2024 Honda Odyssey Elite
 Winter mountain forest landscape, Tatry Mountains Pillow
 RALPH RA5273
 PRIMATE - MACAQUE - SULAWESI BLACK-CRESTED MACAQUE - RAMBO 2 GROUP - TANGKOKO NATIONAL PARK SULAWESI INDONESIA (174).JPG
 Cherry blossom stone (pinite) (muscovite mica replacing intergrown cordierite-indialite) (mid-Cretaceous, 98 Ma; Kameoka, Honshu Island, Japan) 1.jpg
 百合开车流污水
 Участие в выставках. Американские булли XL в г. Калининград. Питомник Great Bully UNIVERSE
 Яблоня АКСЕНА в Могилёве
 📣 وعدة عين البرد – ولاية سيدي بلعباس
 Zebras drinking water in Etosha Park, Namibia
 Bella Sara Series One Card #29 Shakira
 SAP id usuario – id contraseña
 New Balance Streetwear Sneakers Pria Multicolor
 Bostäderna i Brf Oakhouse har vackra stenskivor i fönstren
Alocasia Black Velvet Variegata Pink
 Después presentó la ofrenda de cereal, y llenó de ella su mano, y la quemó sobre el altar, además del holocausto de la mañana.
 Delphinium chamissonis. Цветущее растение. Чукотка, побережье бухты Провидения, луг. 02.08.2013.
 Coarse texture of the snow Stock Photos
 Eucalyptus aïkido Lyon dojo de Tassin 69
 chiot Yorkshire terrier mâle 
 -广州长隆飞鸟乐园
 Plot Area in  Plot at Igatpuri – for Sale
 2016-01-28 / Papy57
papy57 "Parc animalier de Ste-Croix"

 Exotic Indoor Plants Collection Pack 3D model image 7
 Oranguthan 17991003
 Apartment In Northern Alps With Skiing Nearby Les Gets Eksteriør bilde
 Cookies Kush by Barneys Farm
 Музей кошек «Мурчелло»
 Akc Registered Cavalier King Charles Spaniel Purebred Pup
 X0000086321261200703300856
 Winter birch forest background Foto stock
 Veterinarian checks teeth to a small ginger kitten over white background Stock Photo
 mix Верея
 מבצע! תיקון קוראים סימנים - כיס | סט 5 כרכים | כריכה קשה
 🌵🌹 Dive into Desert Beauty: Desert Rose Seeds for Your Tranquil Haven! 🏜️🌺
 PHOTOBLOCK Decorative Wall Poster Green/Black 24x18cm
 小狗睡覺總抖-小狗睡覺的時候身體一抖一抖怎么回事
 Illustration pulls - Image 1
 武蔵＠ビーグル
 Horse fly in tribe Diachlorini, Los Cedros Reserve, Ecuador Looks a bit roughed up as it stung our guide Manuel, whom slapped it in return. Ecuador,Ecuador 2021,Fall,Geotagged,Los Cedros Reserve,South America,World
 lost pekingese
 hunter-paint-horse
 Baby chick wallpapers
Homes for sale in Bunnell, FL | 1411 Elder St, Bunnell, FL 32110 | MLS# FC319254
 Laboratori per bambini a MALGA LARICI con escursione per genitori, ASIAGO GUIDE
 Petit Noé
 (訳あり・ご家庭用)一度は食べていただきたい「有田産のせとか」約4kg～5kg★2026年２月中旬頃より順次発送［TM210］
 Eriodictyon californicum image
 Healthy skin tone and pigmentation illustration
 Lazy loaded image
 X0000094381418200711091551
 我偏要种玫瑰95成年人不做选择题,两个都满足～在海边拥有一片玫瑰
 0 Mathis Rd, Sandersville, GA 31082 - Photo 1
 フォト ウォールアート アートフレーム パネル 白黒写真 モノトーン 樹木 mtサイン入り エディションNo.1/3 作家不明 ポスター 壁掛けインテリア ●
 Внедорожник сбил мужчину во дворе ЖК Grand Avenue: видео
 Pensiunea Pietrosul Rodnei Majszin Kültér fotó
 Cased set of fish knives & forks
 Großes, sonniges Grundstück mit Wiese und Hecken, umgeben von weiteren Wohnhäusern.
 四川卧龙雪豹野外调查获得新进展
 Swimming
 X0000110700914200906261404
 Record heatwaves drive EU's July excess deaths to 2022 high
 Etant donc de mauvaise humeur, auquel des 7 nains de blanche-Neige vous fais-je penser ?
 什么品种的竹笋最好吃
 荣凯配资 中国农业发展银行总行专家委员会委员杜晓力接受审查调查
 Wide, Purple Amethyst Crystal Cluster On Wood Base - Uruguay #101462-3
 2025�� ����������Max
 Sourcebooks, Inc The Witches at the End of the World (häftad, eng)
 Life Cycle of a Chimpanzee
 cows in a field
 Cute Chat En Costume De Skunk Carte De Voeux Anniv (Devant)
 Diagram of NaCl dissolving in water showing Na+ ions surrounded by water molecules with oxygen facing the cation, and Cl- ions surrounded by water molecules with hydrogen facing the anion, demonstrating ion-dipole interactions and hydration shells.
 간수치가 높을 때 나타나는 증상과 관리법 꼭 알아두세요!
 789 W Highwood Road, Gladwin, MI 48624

○ ○ ○ ○ ○

Restate word for word the entries above from the line with "SAP id usuario – id contraseña" through the line with "Oranguthan 17991003", inclusive, leaving out everything else.

 SAP id usuario – id contraseña
 New Balance Streetwear Sneakers Pria Multicolor
 Bostäderna i Brf Oakhouse har vackra stenskivor i fönstren
Alocasia Black Velvet Variegata Pink
 Después presentó la ofrenda de cereal, y llenó de ella su mano, y la quemó sobre el altar, además del holocausto de la mañana.
 Delphinium chamissonis. Цветущее растение. Чукотка, побережье бухты Провидения, луг. 02.08.2013.
 Coarse texture of the snow Stock Photos
 Eucalyptus aïkido Lyon dojo de Tassin 69
 chiot Yorkshire terrier mâle 
 -广州长隆飞鸟乐园
 Plot Area in  Plot at Igatpuri – for Sale
 2016-01-28 / Papy57
papy57 "Parc animalier de Ste-Croix"

 Exotic Indoor Plants Collection Pack 3D model image 7
 Oranguthan 17991003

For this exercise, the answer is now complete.